The Big Harry Potter prediction

I was (re-)writing a lecture for a course I'm giving next week in Asturias, and included an example of prediction.  I thought it was sufficiently interesting to preview here.  Feel free to disagree.

The background: even if you haven't heard now, you'll soon be sick of hearing that HP7, Harry Potter and the Deadly Hallows is released next month.  There are lots of unknowns, which give us plenty of scope to predict what will happen, and then hope nobody remembers when they're wrong.

So, I decided to make my own predictions - after all, that is what the lecture is about.  So, I've tried to predict how many pages the book will have.  As the course is in statistics, we need data.  For that I use the number of pages in the previous books, and the dates they were published:

Potter book lengths

Odd, it looks like Ursa Major.  It must be a clue!  Perhaps it's pointing north, so Harry will have to go to the frozen northlands, be helped by a polar bear in his quest, and in the final climax end up betraying a friend in order to save everything, and break through to a new universe.


Anyway, now we do a linear regression.  Because the course is about Bayesian analysis, I did a Bayesian prediction.  This meant firing up BUGS, fitting a straight line, and predicting the number of pages for a Harry Potter book published in 2007.  I also made a prediction based on the least squares estimate of the line.  This is what I got:

HP7 pages prediction

The thick bars are +/-one standard error, the thin bars are the 95% confidence/credible intervals.  Next week I will blather on about why the Bayesian intervals are wider, but for the moment, I want to point out that I'm predicting that HP7 will be about 860 pages long, but with a wide margin of error: there's a 95% probability that it will be between 500 and 1200 pages long.

And I get paid to do this stuff.


Minyu said...

Looks more like reversed Ursa Major.

jebyrnes said...

On Amazon, it is reported to be 784 pages.

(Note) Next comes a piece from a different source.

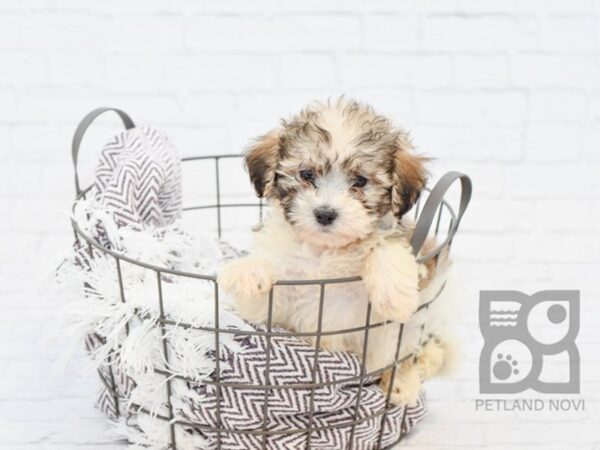 Teddy Bear DOG Male brown white 33205 Petland Novi, Michigan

Not far off!

Bob O'Hara said...

Minyu - it all looks rather different if you're drunk.

jrbyrnes - thanks for the update! Amazon UK still gives 608 pages, which exactly is the same number of pages as they give for no. 6. Of course, I prefer your version!


Anonymous said...

Show your workings for the examples, 007. (For the neophytes, that is ...).

Andrew said...

If you're being paid to do this stuff, the least you could do is be precise with your language.

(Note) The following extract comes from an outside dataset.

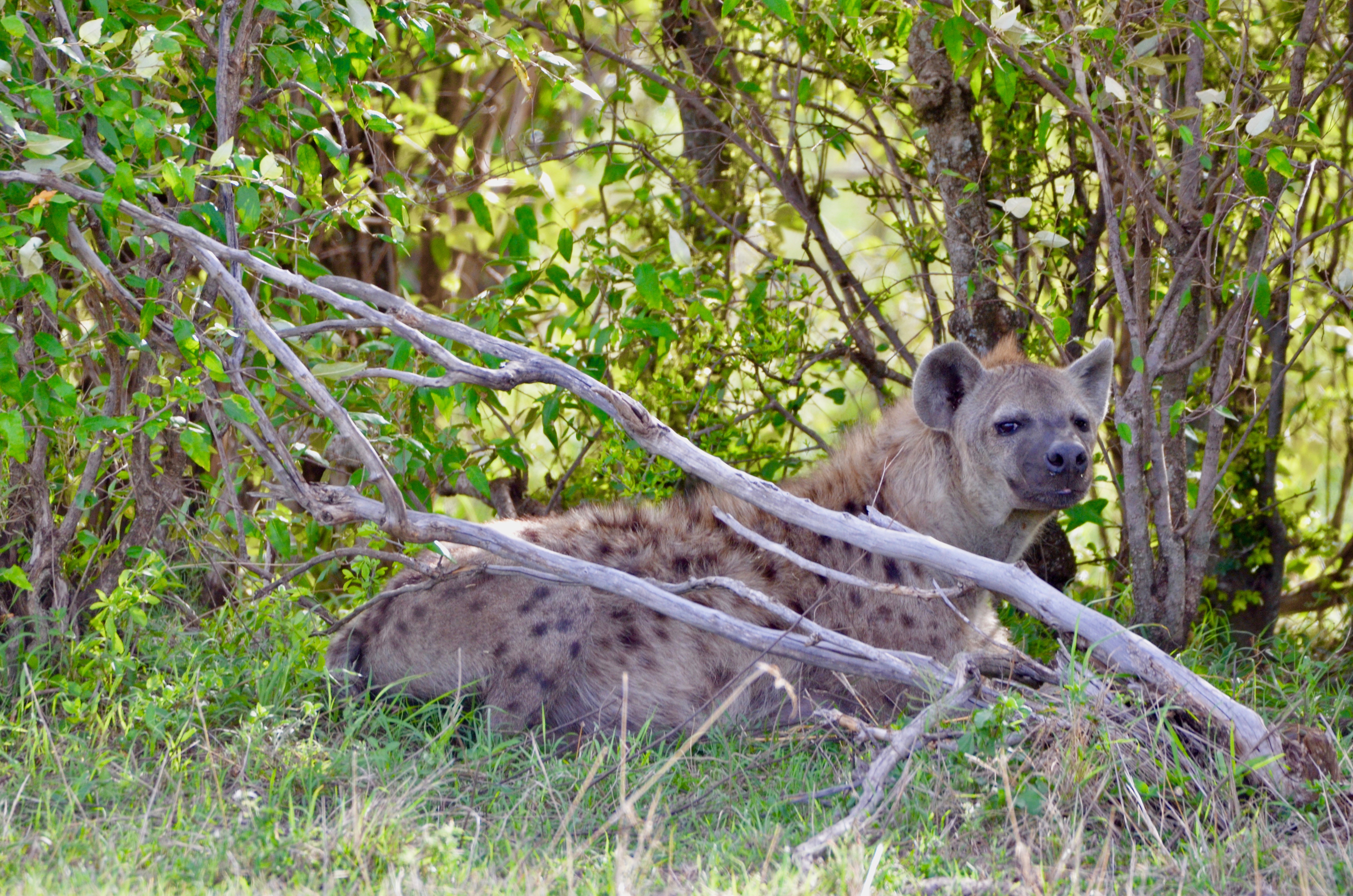 Mean Looking Hyena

Confidence intervals are NOT the same thing as probability. This is one of the most basic tenets of statistical models. Please don't confuse the general public any more by claiming that a 95% confidence interval is the same as a 95% probability that a random variable will lie within that range.

Bob O'Hara said...

Andrew - the 95% probability came from the Bayesian interval, so there is a 95% probability that the number of pages will be in this interval.

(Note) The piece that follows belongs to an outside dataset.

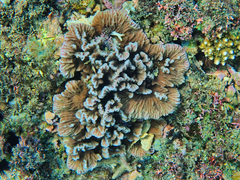 Merulina scabricula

OK, there is a subjective aspect (as it's based on my priors, although they are flat here) but in the Bayesian world we can and do make probability statements about random variables.


Taabu said...

I hope and pray that your comment was inn good faith and not just a cheap sneer at Bob. And if it were not then you better get a good detergent to clean the eggs off your face in displaying obtuse ignorance between CI and crediable intervals. Otherwise remain a student of life and learn something new every single day.